AMD $AMD announced more than $10 billion in investments across Taiwan's semiconductor ecosystem on Thursday, targeting advanced chip packaging and manufacturing partnerships needed to support its next-generation AI infrastructure.
The investments center on expanding capabilities in 2.5D chip interconnect packaging technology, which links chips together to improve performance and power efficiency, the company said. AMD is collaborating with Taiwan-based packaging and testing firms ASE and its unit SPIL to develop and qualify what it calls Elevated Fanout Bridge, or EFB, technology.
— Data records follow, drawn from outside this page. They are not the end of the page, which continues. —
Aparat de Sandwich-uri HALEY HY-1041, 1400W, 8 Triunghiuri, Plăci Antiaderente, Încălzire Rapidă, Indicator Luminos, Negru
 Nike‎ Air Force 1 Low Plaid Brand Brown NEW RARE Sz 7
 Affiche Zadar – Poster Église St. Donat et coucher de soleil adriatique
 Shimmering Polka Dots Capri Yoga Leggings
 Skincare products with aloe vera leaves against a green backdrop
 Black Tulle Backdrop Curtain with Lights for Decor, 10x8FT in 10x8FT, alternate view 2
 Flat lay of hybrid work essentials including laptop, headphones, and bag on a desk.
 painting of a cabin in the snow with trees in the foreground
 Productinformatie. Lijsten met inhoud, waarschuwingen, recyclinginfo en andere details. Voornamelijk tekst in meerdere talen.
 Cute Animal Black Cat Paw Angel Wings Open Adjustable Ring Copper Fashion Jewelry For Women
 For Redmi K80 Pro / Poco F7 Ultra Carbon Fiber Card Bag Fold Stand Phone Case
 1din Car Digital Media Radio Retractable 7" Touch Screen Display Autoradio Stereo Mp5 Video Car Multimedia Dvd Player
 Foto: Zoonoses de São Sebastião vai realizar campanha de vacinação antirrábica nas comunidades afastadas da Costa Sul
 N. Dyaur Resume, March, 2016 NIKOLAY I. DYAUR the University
That technology will support AMD's sixth-generation EPYC processors, codenamed "Venice," according to AMD. The company said it also reached a milestone with Taiwanese firm PTI by qualifying the first 2.5D panel-based EFB interconnect.
The announcement extends to the deployment of AMD's Helios rack-scale AI server platform, which the company said is on track for production in the second half of 2026. Manufacturing partners for Helios include Sanmina, Wiwynn, Wistron, and Inventec. The platform pairs AMD Instinct MI450X GPUs with Venice CPUs and runs on AMD's ROCm open software stack, the company said.
"As AI adoption accelerates, our global customers are rapidly scaling AI infrastructure to meet growing compute demand," AMD Chair and CEO Lisa Su said in a statement. "By combining AMD leadership in high-performance computing with the Taiwan ecosystem and our strategic global partners, we are enabling integrated, rack-scale AI infrastructure that helps customers accelerate deployment of next-generation AI systems."
TSMC $TSM's cutting-edge 2-nanometer fabrication process is being used to manufacture the Venice CPUs, Reuters reported.
AMD has been building momentum heading into this announcement. The company reported first-quarter revenue of $10.25 billion, a 38% increase from the prior year, driven by surging demand for AI infrastructure. Its data center segment generated $5.78 billion in revenue, up 57%, on strong orders for EPYC server processors and Instinct GPU shipments. AMD also disclosed a multiyear agreement under which Meta $META has committed to installing up to six gigawatts of AMD's Instinct GPUs across its AI data centers, with an initial one-gigawatt deployment built around a custom version of the MI450 chip.
Shares of AMD have climbed roughly 100% since January, a gain analysts attribute to growing investor confidence in the company's ability to take on Nvidia $NVDA in the AI chip market.